◆ TASK INPUTS ◆
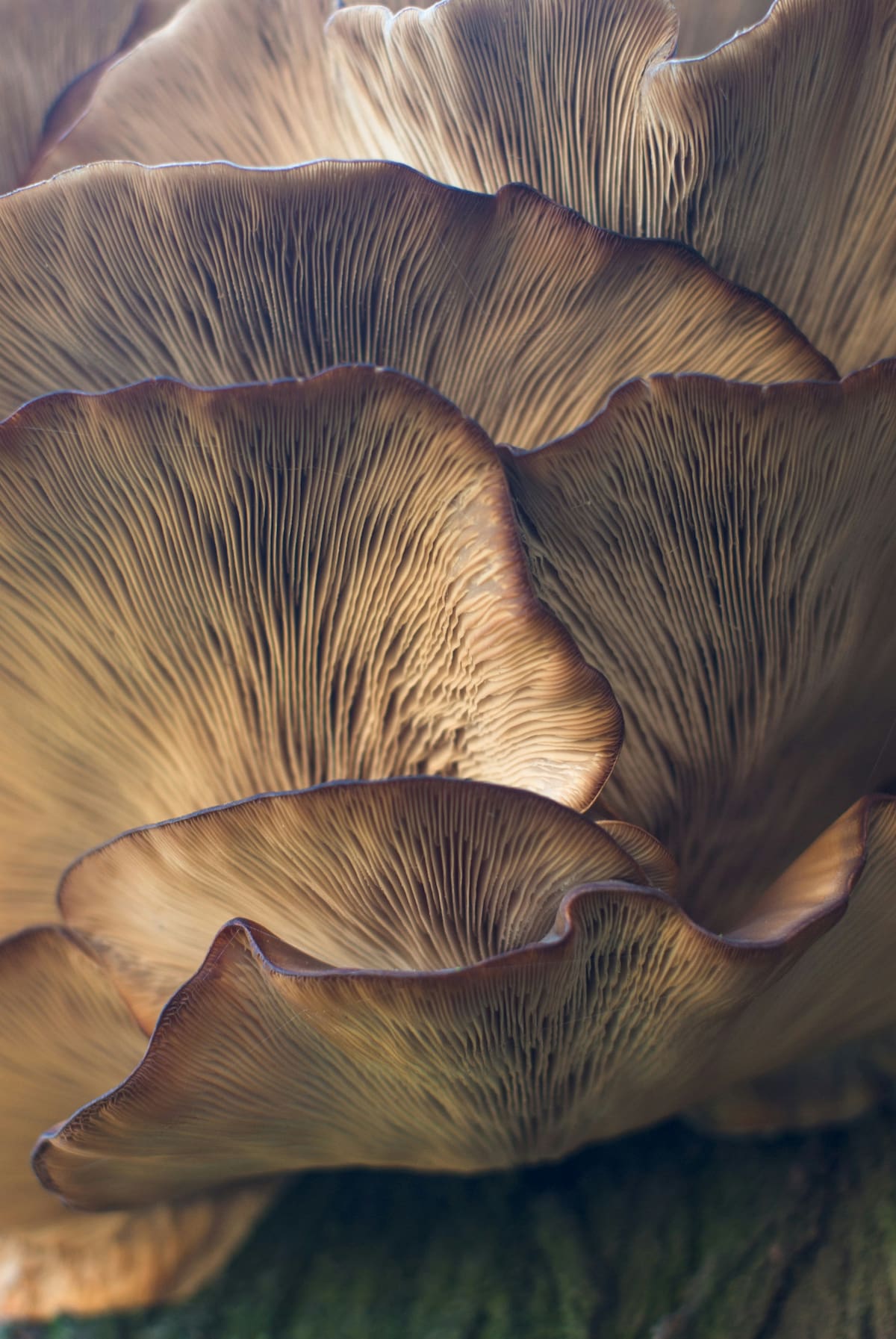 Hongos. Fuente: Unsplash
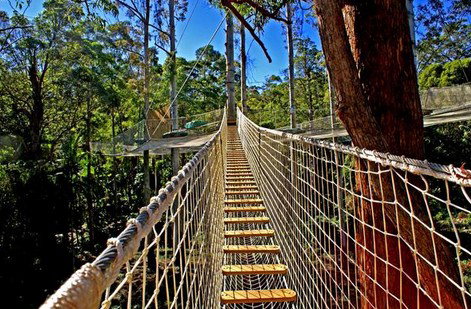 FreemanX Experience - Sunshine Coast Guide 2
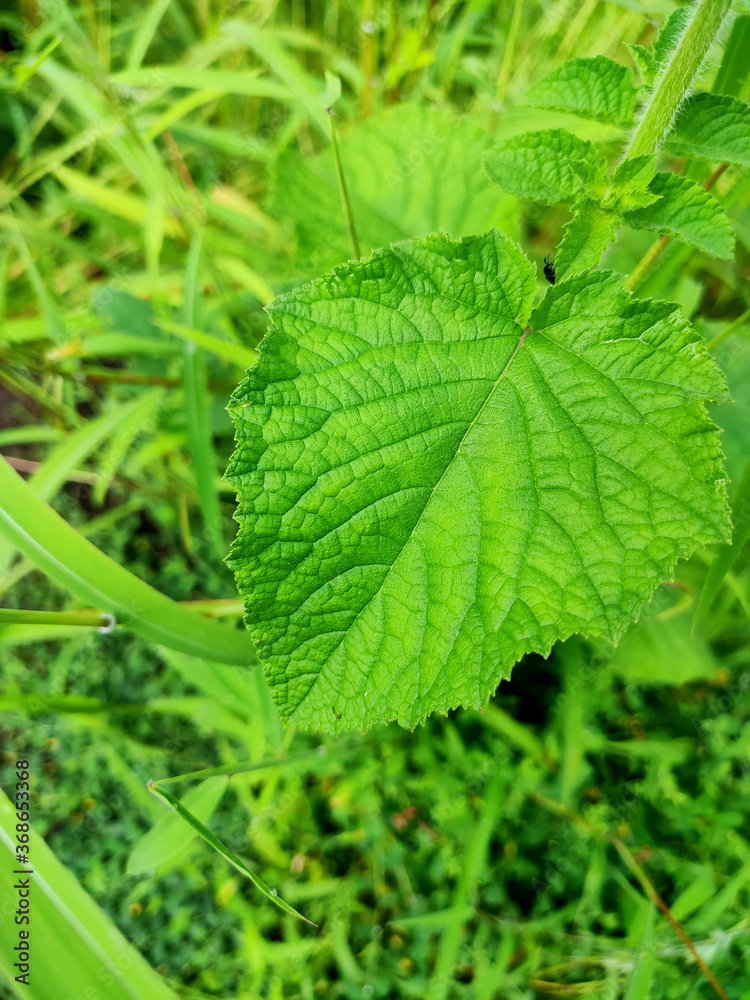 Green leaf background texture background macro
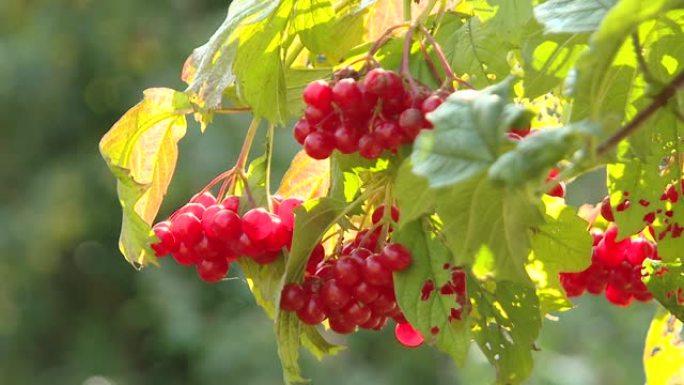 森林中灌木上荚蒾的红色浆果。花园中红色荚蒾的枝条。荚蒾果实和荚蒾叶在初秋户外。一束红色荚蒾浆果在树枝
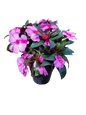Impatiens new guinea 'Harmony' PBR 14cm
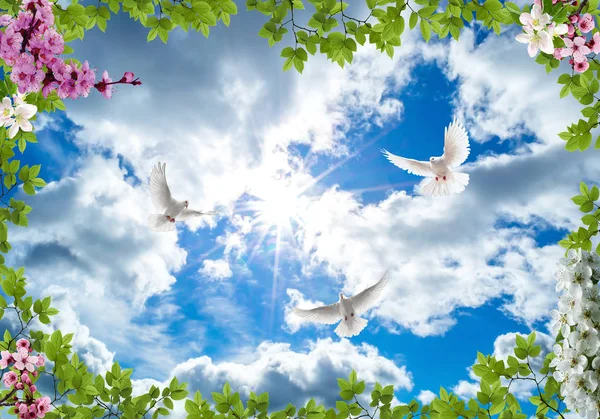 bulutlar gökyüzü ve çiçek veya uçan kuş tavan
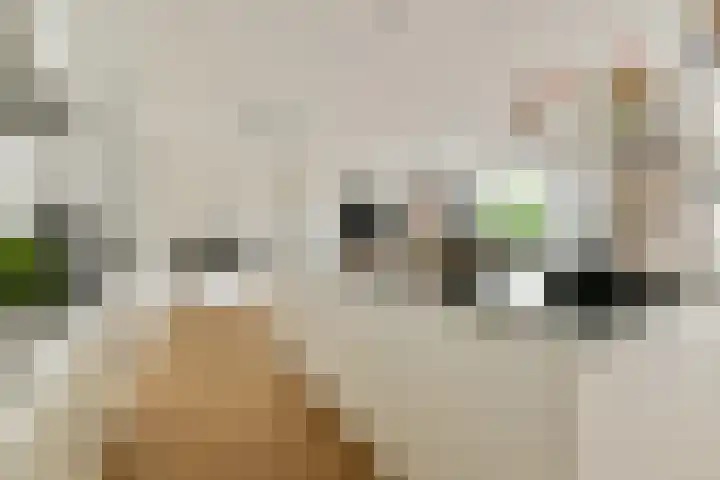 Havenkade 35 Wassenaar thumbnail 10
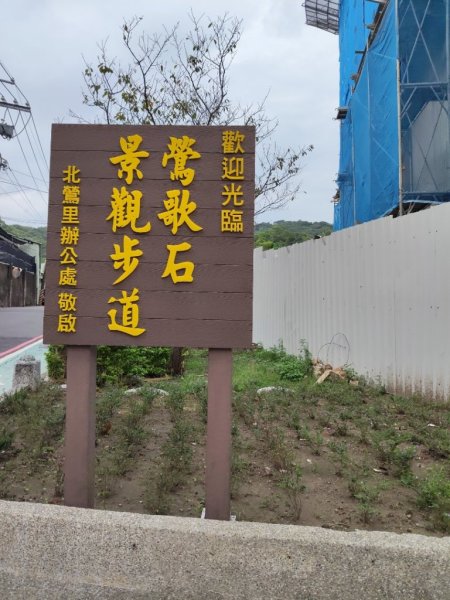 微笑山線：【大棟山系】百年大溶樹的2937019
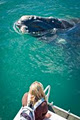 Albany Ocean Adventures / Albany Dolphin & Whale Cruises / Silver Star Cruises image 3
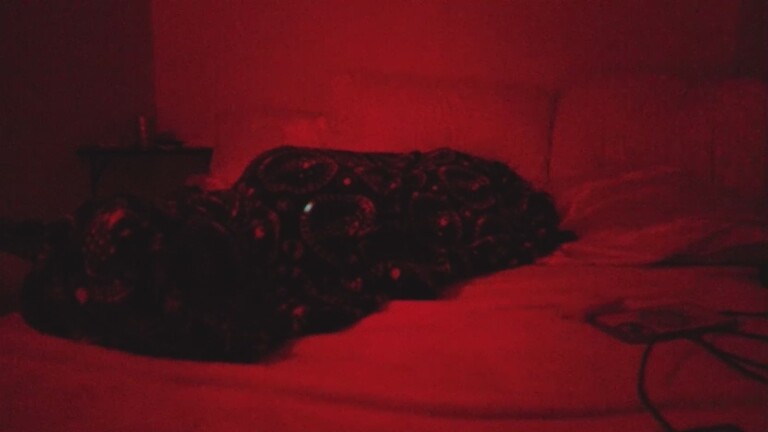 vivbby's Streamate show and profile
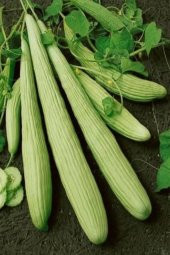 Acur Tohumu 10 Gr - 1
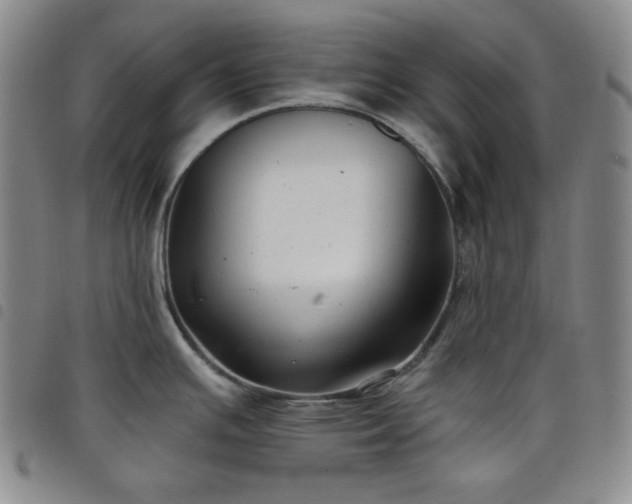 X0000098131391200804241639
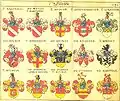 Wappen in Siebmachers Wappenbuch von 1605 (rechts unten)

◆ TASK ◆
In this exercise, set down all of the data exactly, without the pictures.

◆ SOLUTION FOR THIS PROBLEM ◆
 Hongos. Fuente: Unsplash
 FreemanX Experience - Sunshine Coast Guide 2
 Green leaf background texture background macro
 森林中灌木上荚蒾的红色浆果。花园中红色荚蒾的枝条。荚蒾果实和荚蒾叶在初秋户外。一束红色荚蒾浆果在树枝
Impatiens new guinea 'Harmony' PBR 14cm
 bulutlar gökyüzü ve çiçek veya uçan kuş tavan
 Havenkade 35 Wassenaar thumbnail 10
 微笑山線：【大棟山系】百年大溶樹的2937019
 Albany Ocean Adventures / Albany Dolphin & Whale Cruises / Silver Star Cruises image 3
 vivbby's Streamate show and profile
 Acur Tohumu 10 Gr - 1
 X0000098131391200804241639
 Wappen in Siebmachers Wappenbuch von 1605 (rechts unten)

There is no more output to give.